THE TASK: Only the lines from the one containing "roberto cavalli florence eau de parfum" through the end of the entries should be returned, exactly as they are, with the pictures omitted.

################

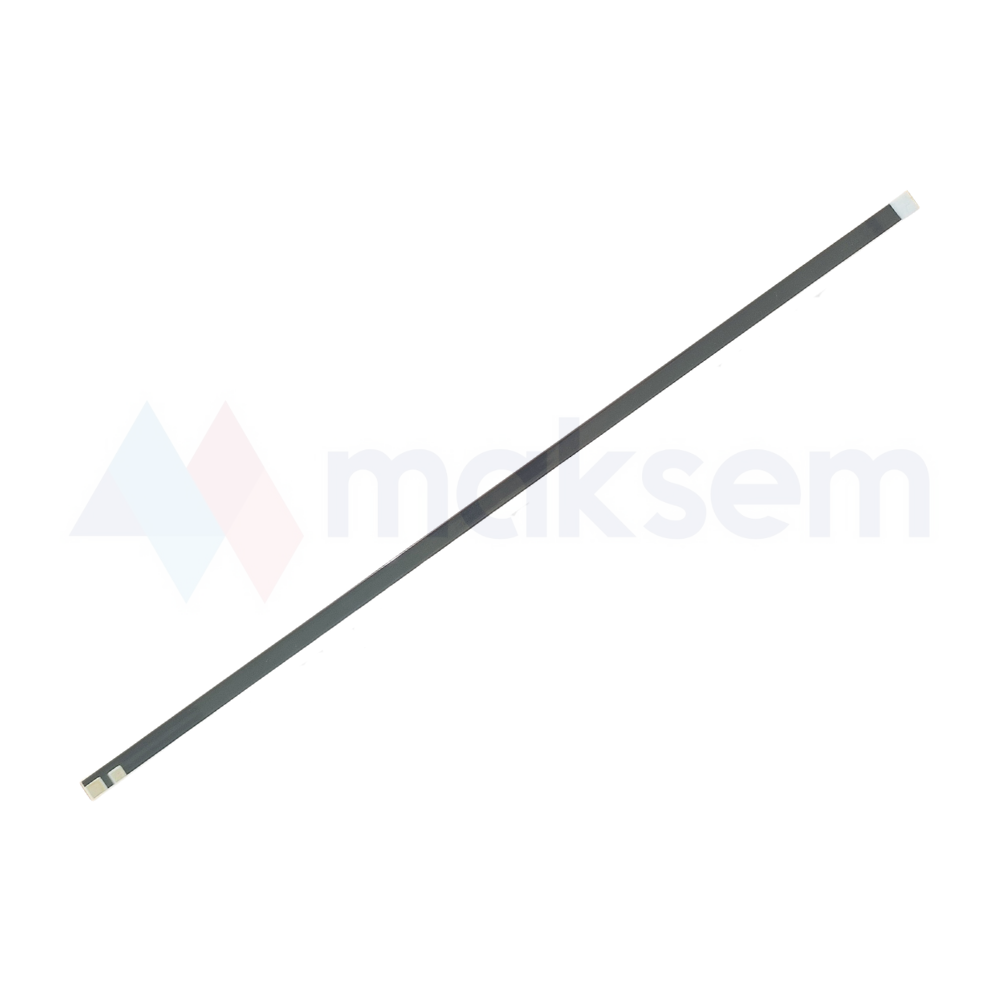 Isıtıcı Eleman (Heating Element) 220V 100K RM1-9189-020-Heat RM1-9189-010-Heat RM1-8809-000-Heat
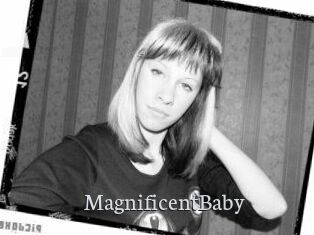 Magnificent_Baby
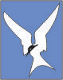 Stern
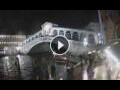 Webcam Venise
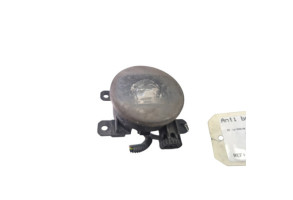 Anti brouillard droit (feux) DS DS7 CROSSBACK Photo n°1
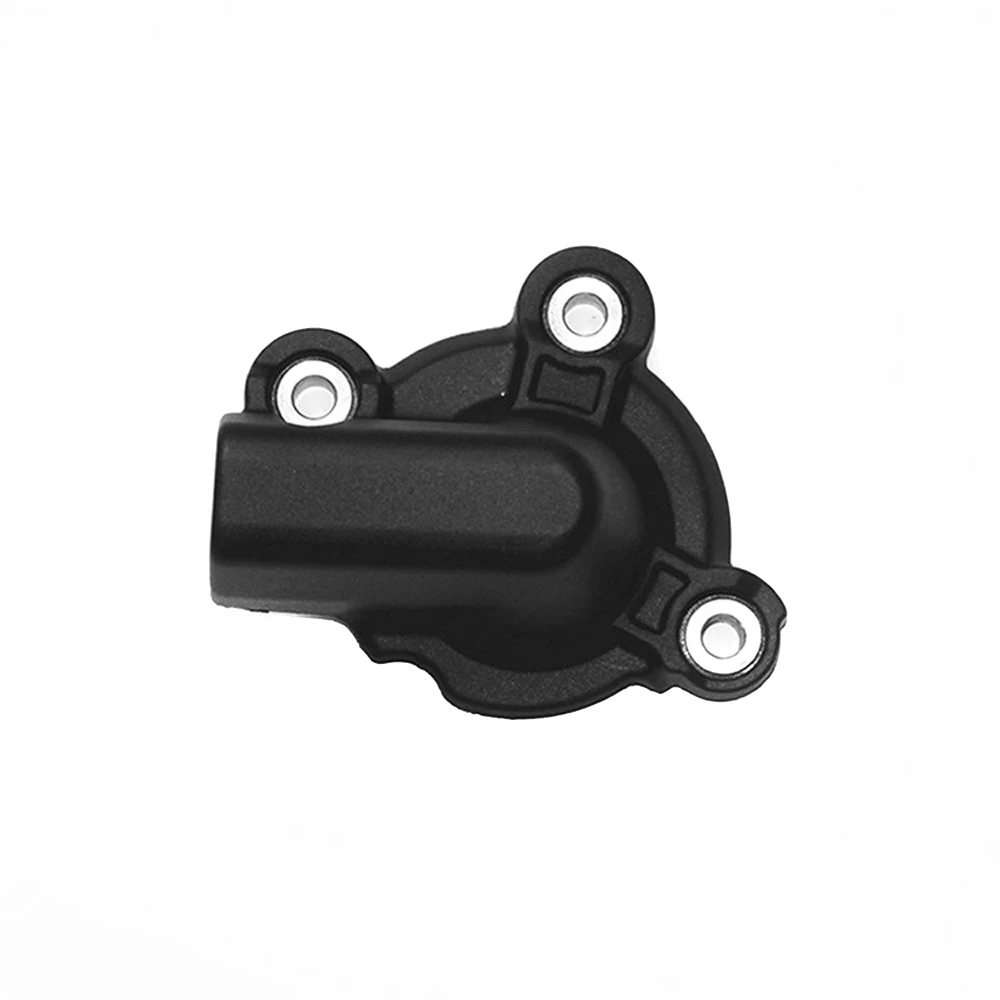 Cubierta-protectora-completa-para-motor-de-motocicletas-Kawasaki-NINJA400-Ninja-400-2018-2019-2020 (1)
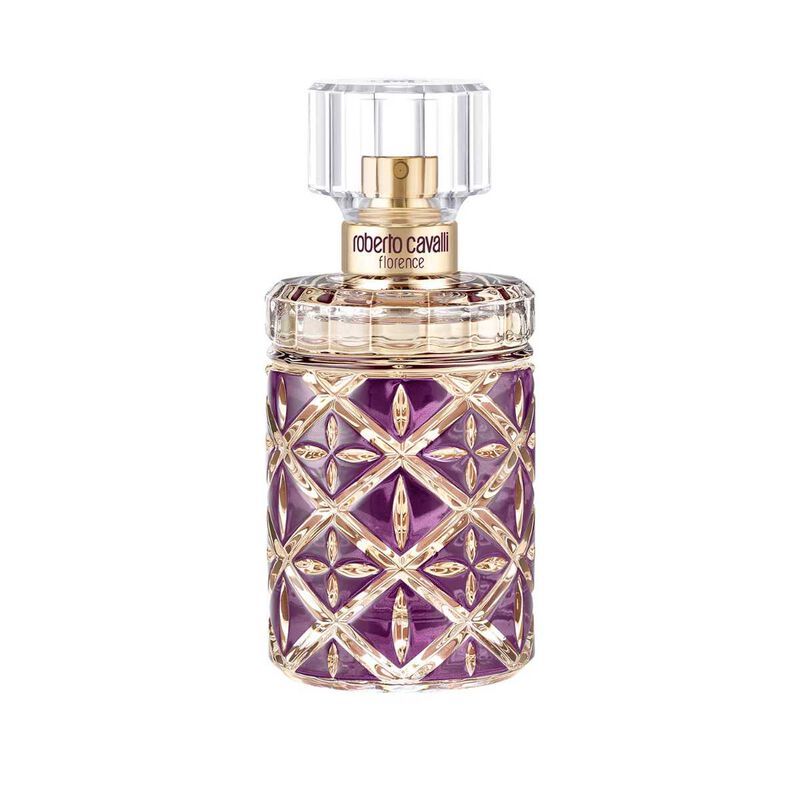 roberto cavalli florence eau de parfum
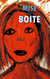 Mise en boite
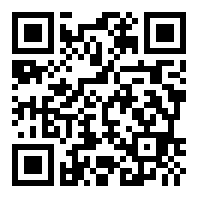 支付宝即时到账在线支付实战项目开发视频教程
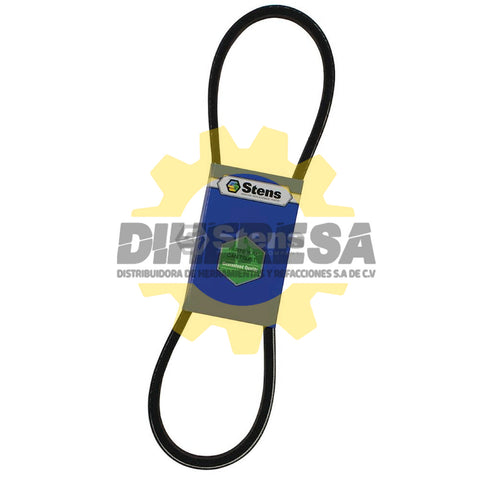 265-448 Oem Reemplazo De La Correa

################

RESPONSE TO THE EXERCISE:
 roberto cavalli florence eau de parfum
 Mise en boite
 支付宝即时到账在线支付实战项目开发视频教程
 265-448 Oem Reemplazo De La Correa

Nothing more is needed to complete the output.